There's several issues that I can see. The big one is that BTRFS metadata trees grow very large and as they grow larger they get slower because it takes more IO to get to any given piece of metadata in the filesystem. When you have a metadata tree that contains 150GB of metadata (what the 8-thread benchmarks I was running ended up with), finding things can take some time and burn a lot of IO and CPU.
This shows up with workloads like the directory traversal - btrfs has a lot more dependent reads to get the directory data from the tree than XFS or ext4 and so is significantly slower at such operations. Whether that can be fixed or not is an open question. Rebalancing (expensive) and larger btree block sizes (mkfs option) are probably ways of reducing the impact of this problem, but metadata tree growth can't actually be avoided.
Another problem is that as the BTRFS filesystem ages, it becomes fragmented due to all the COW that is done. sequential read IO performance will degrade over time as the data gets moved around more widely. Indeed, as the filesystem fills from the bottom up, the distance between where the file data was first written and where the next COW block is written will increase. Hence on spinning rust, seek times will also increase when reading as physical distance between sequential data also increases as the filesystem ages. automatic defrag is the usual way to fix this, but that can be expensive if it occurs at the wrong time...
Then there is the amount of IO that BTRFS does - for a COW filesystem that is supposed to be able to do sequential write IOs, it does an awful lot of small writes and a lot of seeks. Indeed, the limiting performance in all my testing was that BTRFS rapidly got IOPS bound at about 6000 IOPS - sometimes even on single threaded workloads. Part of that is the RAID1 metadata, but even when I turned that off it still drove the disk way harder than XFS and was IOPS bound more than half the time. I'm sure this is fixable to some extent, but I'd suggest there's lots of work to be done here because it ties into the transaction reservation subsystem and how it drives writeback.
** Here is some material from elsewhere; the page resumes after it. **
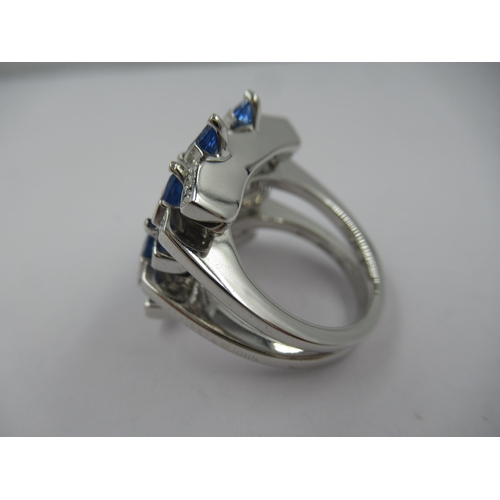 1384 - Alfieri & St. John, large 18ct white gold ring set multiple diamonds and sapphires, size 'M.5'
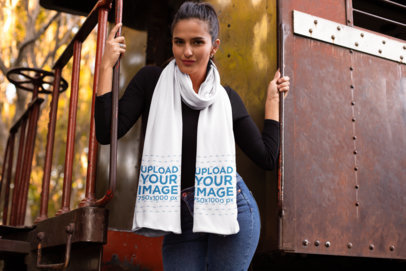 Scarf Mockup of a Cute Woman Posing in a Rusty Wagon 25666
[ As an aside, that was one of the big changes I talked about for XFS - making metadata writeback scale. In most cases for XFS, that is driven by the transaction reservation subsystem just like BTRFS does. It's not a simply problem to solve :/ ]
The last thing I'll mention briefly because I've already said some stuff about it is the scalability of the data transformation algorithms in BTRFS. There is already considerable effort going into reducing the overhead of tranformations, but the problem that may not be solvable for everyone - you can only make compression/CRCs/etc so fast and use only so much memory.
I could keep going, but this will give you an idea of some of the problems that are apparent from the scalability testing I was doing....